I know this question is becoming trite, but what the hell is Friedman talking about?
There will be a lot of trial and error in the months ahead. But this is a hugely important horizontal dialogue because if Iraqis can't forge a social contract, it would suggest that no other Arab country can - since virtually all of them are similar mixtures of tribes, ethnicities and religions. That would mean that they can be ruled only by iron-fisted kings or dictators, with all the negatives that flow from that.

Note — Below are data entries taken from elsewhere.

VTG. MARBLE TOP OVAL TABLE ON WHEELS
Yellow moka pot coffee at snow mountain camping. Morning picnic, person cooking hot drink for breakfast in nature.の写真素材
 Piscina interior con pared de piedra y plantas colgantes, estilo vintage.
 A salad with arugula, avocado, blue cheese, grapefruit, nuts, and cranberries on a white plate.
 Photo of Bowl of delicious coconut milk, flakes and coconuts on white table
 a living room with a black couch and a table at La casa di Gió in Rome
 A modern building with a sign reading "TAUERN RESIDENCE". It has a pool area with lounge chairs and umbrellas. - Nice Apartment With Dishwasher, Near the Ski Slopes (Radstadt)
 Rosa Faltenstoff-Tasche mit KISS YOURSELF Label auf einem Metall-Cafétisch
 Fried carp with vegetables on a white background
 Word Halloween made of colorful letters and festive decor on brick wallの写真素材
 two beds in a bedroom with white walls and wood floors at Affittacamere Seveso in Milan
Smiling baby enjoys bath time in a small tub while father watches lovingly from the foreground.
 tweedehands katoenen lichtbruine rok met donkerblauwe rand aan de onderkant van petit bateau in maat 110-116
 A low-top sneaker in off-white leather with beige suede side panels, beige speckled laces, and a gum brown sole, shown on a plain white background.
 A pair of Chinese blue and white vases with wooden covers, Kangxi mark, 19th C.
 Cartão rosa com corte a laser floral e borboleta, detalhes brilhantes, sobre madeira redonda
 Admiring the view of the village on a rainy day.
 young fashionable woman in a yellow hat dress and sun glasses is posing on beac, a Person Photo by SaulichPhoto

Excuse me? First of all, George W. Bush has repeatedly stated that he disagrees with folks who think the brown people can't have democracies, and you are not going to question the single thing that unites us. But more to the point, if the Iraqi attempt at reform falls through, that'll mean nothing more than that they didn't succeed. Maybe the killing factor wasn't color, but American occupation and the divisions we caused. Maybe it was Saddam's legacy. Maybe it was corruption in Kurdistan. Maybe it was -- gasp! -- multicausal and not necessarily pregnant with meaning for future generations.
Stable, democratic states are weird things that no one's quite been able to blueprint. They don't always work where we think they will, they don't always fail when they should, and we're not quite sure how to move them from one column to the other. Suggesting that their success may be intrinsic to the ethnicities of the groups involved is absurd and, truly, the first time I've ever seen anyone erect the straw man Bush knocked down. Many of us mocked him when he said that, turns out we were wrong. It was a preemptive strike on Tom Friedman.